Central Tendency and Measures of Variance

This lecture combines chapters two and three, focusing on central tendency and measures of variance.
The goal is to ensure a basic understanding of mean, median, mode, range, and standard deviation for the exam covering chapters one through four.
Descriptive statistics, frequency distribution tables, and central tendency should be approached with time and precision.

Central tendency involves using a single number to describe a large dataset.
Example: The average cost of a car purchased in Southern California between January and June.
Averages are commonly used, such as GPA, which represents all grades in an undergraduate degree with one number.

The mean is susceptible to outliers (extreme scores that lie outside the trend).
- Outliers can skew the mean, making it a less representative measure of central tendency.
Example: Salaries of 10 staff members where two large salaries skew the mean.
- Most workers earn between $12,000 and $18,000, but the mean salary is $30,700 due to the manager's salaries.
- In skewed situations, the median is a better measure of central tendency.

The score that marks the 50th percentile, with half of the scores above and half below.
The median is the middle score or middle value.
Uses position rather than the actual value of the data.
Changes in extreme values do not affect the median.
Applicable to interval data.

Put the scores in rank order (smallest to largest).
For an odd number of data points, the median is the middle value.
For an even number of data points, add the two middle numbers and divide by two.

Even set: 10, 12, 19, 25, 28, 30. Middle numbers are 19 and 25. Median = $(19 + 25) / 2 = 22$
Odd set: 10, 12, 19, 25, 28. The median is 19.
For large datasets, software like SPSS can be used to find the median.

Count the letters in each word of the sentence: "Count the letters in each word of the sentence and then find the mode."
Counts: 5, 3, 7, 2, 4, 4, 2, 4, 1, 2, 3, 4, 5, 3, 4.
The mode is 4, as it appears most frequently (five times).

Skewed data means the data doesn't have an equal distribution.
In a normal distribution, the mean, median, and mode are all in the center.
If data is skewed (not a normal shape), the mean is pulled in the direction of the skew.
Right-skewed data: the tail is on the right side.
- Mode is at the peak, the median is to the right of the mode, and the mean is pulled towards the right (the tail).
- In this case, the mean does not represent the dataset well; the median is a better measure.
When data is skewed, the median is a more appropriate measure of central tendency.

Variability provides a quantitative measure of how spread out the scores are in a distribution.
Small differences: variability is small.
Large differences: variability is large.
Variability describes the distribution by how far the values deviate from the average.

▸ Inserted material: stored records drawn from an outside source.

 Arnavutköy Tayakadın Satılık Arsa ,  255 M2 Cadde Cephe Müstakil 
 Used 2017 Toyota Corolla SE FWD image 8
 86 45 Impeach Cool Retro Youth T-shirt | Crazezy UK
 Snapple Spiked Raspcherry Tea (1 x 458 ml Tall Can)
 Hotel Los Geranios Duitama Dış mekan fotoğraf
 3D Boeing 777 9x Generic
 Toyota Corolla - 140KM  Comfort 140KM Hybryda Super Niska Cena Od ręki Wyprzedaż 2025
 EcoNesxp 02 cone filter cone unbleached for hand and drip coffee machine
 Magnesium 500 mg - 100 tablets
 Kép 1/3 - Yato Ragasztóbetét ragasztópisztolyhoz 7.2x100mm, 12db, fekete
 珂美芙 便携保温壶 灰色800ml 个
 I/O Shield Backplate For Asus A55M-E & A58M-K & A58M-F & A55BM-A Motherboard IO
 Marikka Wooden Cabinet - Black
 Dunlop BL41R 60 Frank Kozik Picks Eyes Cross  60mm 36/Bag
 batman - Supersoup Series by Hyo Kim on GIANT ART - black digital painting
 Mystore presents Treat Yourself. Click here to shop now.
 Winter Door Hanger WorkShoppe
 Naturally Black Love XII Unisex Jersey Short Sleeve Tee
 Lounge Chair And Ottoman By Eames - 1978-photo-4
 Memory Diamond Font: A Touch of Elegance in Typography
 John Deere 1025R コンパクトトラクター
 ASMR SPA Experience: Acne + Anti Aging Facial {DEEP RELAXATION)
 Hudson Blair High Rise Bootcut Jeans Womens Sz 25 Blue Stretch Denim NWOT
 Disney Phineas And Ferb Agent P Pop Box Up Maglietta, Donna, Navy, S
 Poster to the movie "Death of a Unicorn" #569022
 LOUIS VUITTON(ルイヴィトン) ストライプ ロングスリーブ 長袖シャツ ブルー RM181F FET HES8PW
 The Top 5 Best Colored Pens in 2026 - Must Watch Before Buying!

The difference between the largest and smallest scores.
Measures the spread of the data but only uses the highest and lowest values, ignoring the other values.
Example: John's scores range from 75 to 99 (range = 24), while Joe's range from 80 to 90 (range = 10).
Smaller range indicates more consistency.

Measures the dispersion of data values around the mean (how much the data deviates from the mean).
Standard means typical movement from the average.
Deviation is the distance from the mean.
SS (sum of squares) is the sum of the squared deviations.
Variance is the average of the squared deviations.
Formulas:
- For a sample:
  - $s = \sqrt{\frac{\sum(X - M)^2}{n-1}}$
  - Where:
    - $s$ = sample standard deviation
    - $X$ = each value in the sample
    - $M$ = mean of the sample
    - $n$ = number of values in the sample
- For a population:
  - $σ = \sqrt{\frac{\sum(X - \mu)^2}{N}}$
  - Where:
    - $σ$ = population standard deviation
    - $X$ = each value in the population
    - $μ$ = mean of the population
    - $N$ = number of values in the population

Measuring rose diameters in inches for the Rose Bowl parade.
- Bush 1: 2, 3, 4, 5, 6, 8, 10, 10
- Bush 2: 5, 5, 5, 6, 6, 6, 7, 8

Sum of raw scores = 48
Mean = $48 / 8 = 6$
Calculate deviations (X - Mean): -4, -3, -2, -1, 0, 2, 4, 4
Square the deviations: 16, 9, 4, 1, 0, 4, 16, 16
Sum of squares (SS) = 74
Variance = $74 / (8 - 1) = 74 / 7 = 10.57$
Standard deviation = $\sqrt{10.57} = 3.25$
On average, the rose size is 6 inches, with a typical deviation of about 3.25 inches.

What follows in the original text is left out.